══ THE DATA ══

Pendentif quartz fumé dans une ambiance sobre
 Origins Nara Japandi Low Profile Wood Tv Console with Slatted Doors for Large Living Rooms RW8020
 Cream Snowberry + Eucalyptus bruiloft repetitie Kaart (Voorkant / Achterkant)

═══

* **INSTRUCTIONS FOR THE TASK**:
Repeat the material above in its entirety, exactly.

* **SOLUTION TO THIS TASK**:
Pendentif quartz fumé dans une ambiance sobre
 Origins Nara Japandi Low Profile Wood Tv Console with Slatted Doors for Large Living Rooms RW8020
 Cream Snowberry + Eucalyptus bruiloft repetitie Kaart (Voorkant / Achterkant)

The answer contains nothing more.